I feel a bit remiss to have checked out so abruptly, and not to have managed even a holiday greetings or New Year’s post. Truth is, I just managed to get all the pre-holiday loose ends tied up before rushing out the door for a long flight (Paris-L.A., non-stop). And despite my best intentions, once I made it to the City of Angles, I found it harder to cross back over that work-vacation divide than I’d expected. So along with my apologies, please accept my belated best wishes for peace, health and prosperity in 2010.
I also feel like I should offer up some thoughts on the past decade, which maps out, to an unprecedented degree, with some turning point moments in my own life. I left the States — from L.A., no less — on Jan. 15, 2001, with the 2000 election drama still fresh in everyone’s minds and just five days before George W. Bush took office. It was a happy coincidence that allowed me to consider myself a voluntary exile. My son was born later that year, and then, of course, came the events of 9/11, and the march to one war, and soon thereafter, another.
To be an expatriot is perhaps the closest one can come to watching oneself from outside one’s own body. At least that’s how it felt for that early part of the decade, watching from afar as America suffered and then struggled to find its way through its pain and rage. I couldn’t help but feel that what drove that rage was not just the shock of vulnerability and the pain of loss, but the shame that came of having been seen to be afraid.
I felt quite safe and sheltered where I was, in a small village in the South of France. Lucky, yes, and glad not to feel anxious for my son’s wellbeing. Though I shed tears while watching the images of that day, I didn’t share the trauma. And so, understandably, I didn’t share the rage. To be attacked, even savagely so, in a world where so few are ever really spared that indignity seemed more to join us to that world beyond than set us apart — just as moments of personal tragedy are often reminders, through the solace offered by those around us, that loss is what we have most in common and what brings us closest together.
There inevitably comes a moment as an expat when you are no longer watching yourself, but rather a stranger — albeit one that you, too, might have become had you not changed places.
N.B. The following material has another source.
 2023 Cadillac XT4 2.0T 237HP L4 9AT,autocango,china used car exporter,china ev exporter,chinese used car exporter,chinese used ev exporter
That’s how I felt in 2004, as the rage began to seem like it might never subside, and later, after the levees broke, when even the gods and the elements seemed to have turned history suddenly against us.
And yet the tide turned, as it often has for this country, and beginning in 2006, with the Congressional mid-terms, and yes, bolstered in 2007 by the gritty decision to not admit defeat just yet in Iraq, I felt like I was again watching a familiar friend, if still no longer myself, staggering his way back home after a nasty bender. America, it seems, can at times be a mean drunk.
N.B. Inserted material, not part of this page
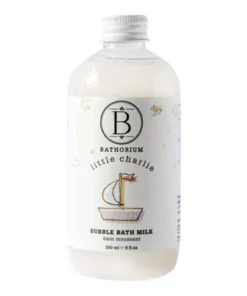 Bathorium Little Charlie Bubble Bath Milk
And also, at times, as during the 2008 presidential campaign, it can be a joyful one, the life of the party, even. But somehow, even in that heady moment when history seemed to pull us all back into our old skin, the hangover seemed like it was already there, lurking just out of frame, but written into the script as a plot twist.
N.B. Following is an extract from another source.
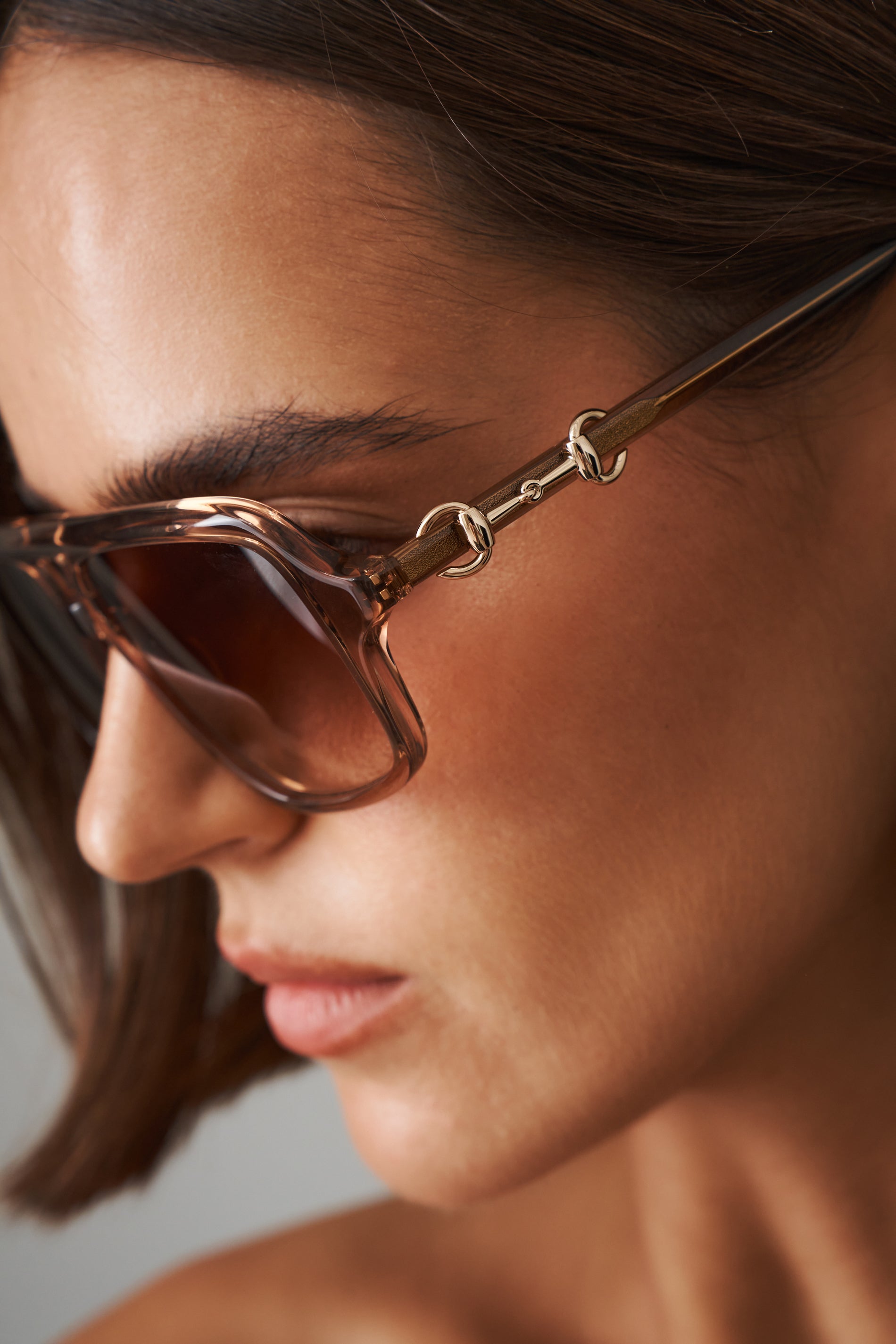 Light Brown Aviator - DÉSORDRE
What a decade. So much history, how can anyone reflect on it all and reduce it to the columns of an accounting ledger? And having done so, conclude that it came out a wash? Long ago, at a time in my life when I viewed the world through a more mystical lens, I once wrote that nothing is ever lost or gained, only ever-transformed. And if ever there was a decade that suffers a mystical perspective, certainly it’s the one we just lived through.
And so we emerge from it, no less, no more — but man, have we been transformed. Into the X’s. Should be a blast.